[78-L] Getting needled

Michael Biel mbiel at mbiel.com
Wed Oct 28 08:17:55 PDT 2009


From: David Lennick <dlennick at sympatico.ca>


> Any chance that it's a vertical cut? It would probably say so on the label
> and if you've played a vertical with a 78 stylus in mono you've noticed
> that you aren't hearing anything but groove noise.
 
I was thinking that too, bit all of the Titan discs I have seen were
lateral.  But this is a music library disc so it might indeed be
different.   

Mike Biel  mbiel at mbiel.com

> In stereo you'd get music, out of 
phase. A .7 stylus is actually the best for playing vertical cut
transcriptions 
(and a phase reversal switch, of course). World and Associated/Muzak
were 
vertical cut.

dl

Michael Biel wrote:
> All of the titan pressings I've seen are shellac, but you didn't mention
> if this one is. I am surprised that it didn't sound OK with your 78
> stylus but you didn't tell us what your 78 stylus is. I do not know
> what might be different in size with a yellow shank needle, but a
> chromium long playing needle is probably a harder chrome steel that will
> play for a longer time (probably 15 minutes) than a regular needle (5
> minutes) because 16-inch ETs run for 15 minutes.

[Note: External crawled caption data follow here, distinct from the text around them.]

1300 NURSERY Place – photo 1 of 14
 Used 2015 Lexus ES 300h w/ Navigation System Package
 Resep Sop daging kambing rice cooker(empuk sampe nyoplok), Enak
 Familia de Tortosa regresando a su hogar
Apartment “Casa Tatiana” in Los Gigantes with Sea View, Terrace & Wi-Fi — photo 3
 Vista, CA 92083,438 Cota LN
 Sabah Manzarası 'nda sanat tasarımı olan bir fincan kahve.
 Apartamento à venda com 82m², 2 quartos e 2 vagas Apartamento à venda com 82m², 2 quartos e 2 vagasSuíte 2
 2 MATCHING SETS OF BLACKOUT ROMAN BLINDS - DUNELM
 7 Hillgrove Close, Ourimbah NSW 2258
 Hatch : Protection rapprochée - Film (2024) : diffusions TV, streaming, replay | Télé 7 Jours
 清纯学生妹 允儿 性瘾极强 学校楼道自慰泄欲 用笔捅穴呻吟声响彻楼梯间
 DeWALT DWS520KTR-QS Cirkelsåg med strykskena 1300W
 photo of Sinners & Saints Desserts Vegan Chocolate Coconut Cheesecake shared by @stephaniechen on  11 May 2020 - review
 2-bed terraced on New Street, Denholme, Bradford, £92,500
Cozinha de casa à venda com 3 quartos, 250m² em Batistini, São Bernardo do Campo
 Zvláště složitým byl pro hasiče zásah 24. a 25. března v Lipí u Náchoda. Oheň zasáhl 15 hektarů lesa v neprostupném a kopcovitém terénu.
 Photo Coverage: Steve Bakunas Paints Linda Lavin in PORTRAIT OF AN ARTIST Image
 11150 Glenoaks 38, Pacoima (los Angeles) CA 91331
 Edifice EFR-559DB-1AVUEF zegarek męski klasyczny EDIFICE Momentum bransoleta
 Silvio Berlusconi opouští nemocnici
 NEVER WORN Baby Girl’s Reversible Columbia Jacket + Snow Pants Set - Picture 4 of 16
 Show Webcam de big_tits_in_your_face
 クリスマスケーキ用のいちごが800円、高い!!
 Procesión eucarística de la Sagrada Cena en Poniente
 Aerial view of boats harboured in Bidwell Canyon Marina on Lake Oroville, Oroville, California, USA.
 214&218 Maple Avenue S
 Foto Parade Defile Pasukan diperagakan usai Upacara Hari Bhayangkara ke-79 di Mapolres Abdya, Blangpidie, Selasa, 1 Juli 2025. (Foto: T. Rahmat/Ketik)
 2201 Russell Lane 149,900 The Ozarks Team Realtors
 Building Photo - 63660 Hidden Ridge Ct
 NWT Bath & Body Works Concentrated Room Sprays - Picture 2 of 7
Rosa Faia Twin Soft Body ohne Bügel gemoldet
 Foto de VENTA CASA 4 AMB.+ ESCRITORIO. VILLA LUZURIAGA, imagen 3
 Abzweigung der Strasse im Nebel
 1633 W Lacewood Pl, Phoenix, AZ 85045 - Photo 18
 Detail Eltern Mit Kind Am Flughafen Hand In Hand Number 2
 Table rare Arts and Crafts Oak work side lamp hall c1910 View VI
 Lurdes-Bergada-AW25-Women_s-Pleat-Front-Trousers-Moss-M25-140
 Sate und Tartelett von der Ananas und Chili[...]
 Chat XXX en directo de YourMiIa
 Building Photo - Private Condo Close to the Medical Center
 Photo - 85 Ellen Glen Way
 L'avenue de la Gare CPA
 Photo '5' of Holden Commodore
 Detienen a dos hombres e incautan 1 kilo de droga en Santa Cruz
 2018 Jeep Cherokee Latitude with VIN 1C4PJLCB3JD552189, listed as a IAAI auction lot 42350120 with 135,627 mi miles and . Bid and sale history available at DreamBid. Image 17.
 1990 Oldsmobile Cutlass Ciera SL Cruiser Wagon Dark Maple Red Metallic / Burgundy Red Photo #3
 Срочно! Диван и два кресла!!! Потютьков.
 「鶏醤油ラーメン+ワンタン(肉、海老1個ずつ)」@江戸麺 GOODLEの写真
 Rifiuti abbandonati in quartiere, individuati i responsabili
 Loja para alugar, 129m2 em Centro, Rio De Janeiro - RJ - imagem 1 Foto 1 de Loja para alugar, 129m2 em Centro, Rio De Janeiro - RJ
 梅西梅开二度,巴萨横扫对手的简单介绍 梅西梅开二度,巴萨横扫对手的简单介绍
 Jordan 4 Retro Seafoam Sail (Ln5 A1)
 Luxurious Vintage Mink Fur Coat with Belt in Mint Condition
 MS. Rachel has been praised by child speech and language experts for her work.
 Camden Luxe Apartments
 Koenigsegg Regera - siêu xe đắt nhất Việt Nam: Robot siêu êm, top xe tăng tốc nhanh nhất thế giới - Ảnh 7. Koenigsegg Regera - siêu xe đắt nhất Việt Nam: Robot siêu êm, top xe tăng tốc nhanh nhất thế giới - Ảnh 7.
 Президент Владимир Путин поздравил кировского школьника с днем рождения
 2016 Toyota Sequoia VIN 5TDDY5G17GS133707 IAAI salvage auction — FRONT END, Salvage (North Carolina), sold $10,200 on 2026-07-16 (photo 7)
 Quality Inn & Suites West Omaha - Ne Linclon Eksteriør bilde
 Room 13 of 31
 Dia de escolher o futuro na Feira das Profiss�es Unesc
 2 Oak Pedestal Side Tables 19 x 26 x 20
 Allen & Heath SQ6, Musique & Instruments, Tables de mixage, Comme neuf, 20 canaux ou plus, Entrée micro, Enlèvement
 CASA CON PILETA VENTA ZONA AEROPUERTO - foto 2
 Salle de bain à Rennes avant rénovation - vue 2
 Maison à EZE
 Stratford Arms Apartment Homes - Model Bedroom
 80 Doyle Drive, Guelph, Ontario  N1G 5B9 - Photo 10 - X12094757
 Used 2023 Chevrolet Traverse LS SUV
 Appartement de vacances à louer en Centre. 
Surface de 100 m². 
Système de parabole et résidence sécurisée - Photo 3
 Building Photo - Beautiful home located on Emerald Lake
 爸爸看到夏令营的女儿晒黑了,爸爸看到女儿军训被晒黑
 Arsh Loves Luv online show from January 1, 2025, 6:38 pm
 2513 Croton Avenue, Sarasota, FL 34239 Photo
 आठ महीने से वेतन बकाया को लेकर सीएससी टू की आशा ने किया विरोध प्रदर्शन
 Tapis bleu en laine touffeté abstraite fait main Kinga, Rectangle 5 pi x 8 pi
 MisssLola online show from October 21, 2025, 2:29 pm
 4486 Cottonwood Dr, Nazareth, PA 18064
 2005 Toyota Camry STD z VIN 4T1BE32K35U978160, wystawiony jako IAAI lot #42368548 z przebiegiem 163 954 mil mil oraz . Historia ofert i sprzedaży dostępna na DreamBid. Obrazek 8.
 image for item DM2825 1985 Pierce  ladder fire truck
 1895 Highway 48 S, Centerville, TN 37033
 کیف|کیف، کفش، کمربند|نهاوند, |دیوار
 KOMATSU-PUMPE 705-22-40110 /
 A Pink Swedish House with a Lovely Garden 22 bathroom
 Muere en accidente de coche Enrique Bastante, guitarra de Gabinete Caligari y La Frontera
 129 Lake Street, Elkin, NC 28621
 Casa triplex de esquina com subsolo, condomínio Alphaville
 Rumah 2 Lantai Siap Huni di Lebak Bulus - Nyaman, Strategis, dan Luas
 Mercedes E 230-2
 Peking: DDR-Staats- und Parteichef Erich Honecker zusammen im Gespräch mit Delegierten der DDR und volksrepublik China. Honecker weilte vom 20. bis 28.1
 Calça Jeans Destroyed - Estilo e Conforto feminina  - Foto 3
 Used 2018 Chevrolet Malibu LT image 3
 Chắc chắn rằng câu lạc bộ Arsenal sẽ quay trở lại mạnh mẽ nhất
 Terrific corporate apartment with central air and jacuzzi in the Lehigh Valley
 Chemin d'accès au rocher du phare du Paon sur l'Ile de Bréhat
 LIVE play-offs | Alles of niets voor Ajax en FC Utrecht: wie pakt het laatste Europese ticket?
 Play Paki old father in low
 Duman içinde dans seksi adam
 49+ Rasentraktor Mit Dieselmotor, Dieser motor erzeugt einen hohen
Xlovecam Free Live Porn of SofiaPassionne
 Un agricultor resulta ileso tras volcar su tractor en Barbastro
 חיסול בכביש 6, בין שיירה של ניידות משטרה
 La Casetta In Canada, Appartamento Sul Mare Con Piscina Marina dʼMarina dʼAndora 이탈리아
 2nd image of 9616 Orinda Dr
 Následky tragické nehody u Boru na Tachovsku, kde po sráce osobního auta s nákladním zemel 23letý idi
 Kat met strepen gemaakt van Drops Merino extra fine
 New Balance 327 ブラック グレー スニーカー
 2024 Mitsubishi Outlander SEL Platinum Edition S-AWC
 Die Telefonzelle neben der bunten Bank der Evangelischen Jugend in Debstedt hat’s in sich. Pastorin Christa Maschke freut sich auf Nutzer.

Since your disc is a
> library service disc it probably has separate selections rather than one
> long program, so the longer time needle is not necessarily necessary. 
> Is your disc 12 or 16-inches? Royal is correct that most ETs use a 2.5
> mil stylus, but the old standard that 78 stylus size is 3.0 mils is not
> necessarily true. 2.5 truncated is what a lot of people find most
> usable, and 2.7 is also a popular size, but so is 2.3. If the groove is
> a true V-shape, an LP needle will also work. Most 78s had their metal
> negatives polished which removes the bottom of the groove and makes it
> U-shaped at best, but some ETs purposefully had their grooves left
> V-shaped. Lacquer cuts will be V-shaped because there never was a metal
> negative to be polished. 
> 
> By the way, just because a disc has instructions to play with a certain
> steel or fibre needle does not mean that modern lightweight styli can't
> be used. They were telling people of that era what to use with their
> heavy pick-ups, and it is to be assumed that a 21at century collector
> has more sense than to play a valuable record on ancient heavy arms and
> steel needles. Junkers, ok, but not a valuable or interesting record
> like yours.
> 
> Mike biel mbiel at mbiel.com 
> 
> 
> -------- Original Message --------
> From: Royal Pemberton <ampex354 at gmail.com>
> 
>> Slightly smaller than a 78 stylus....2.5 mil is approximately what
>> they used with transcriptions. An LP stylus won't harm anything,
>> it just won't sound very good.
> 
> On Tue, Oct 27, 2009 at 9:52 PM, Taylor Bowie <bowiebks at isomedia.com>
> wrote:
> 
>>> I just got a 1934 33 1/3 transcription (inside out) on the "Titan Library
>>> Service" label from San Francisco.
>>> The label instructs me in no uncertain terms to "Use Chromium Yellow Shank
>>> Long Playing Needles on this record."
>>> I've looked all over the house, garage, glove box in the car, etc. and
>>> I'm fresh out of those things...whatever the hell they are.
>>> Would it be OK to use a modern LP stylus or will I ruin the olde diske? I
>>> tried it with the 78 stylus and it sounded crappy although the music is
>>> fantastic (one side is the legendary Williams-Walsh Hotel Mark Hopkins
>>> Orch.).
>>> Any of you techies able to advise me on this?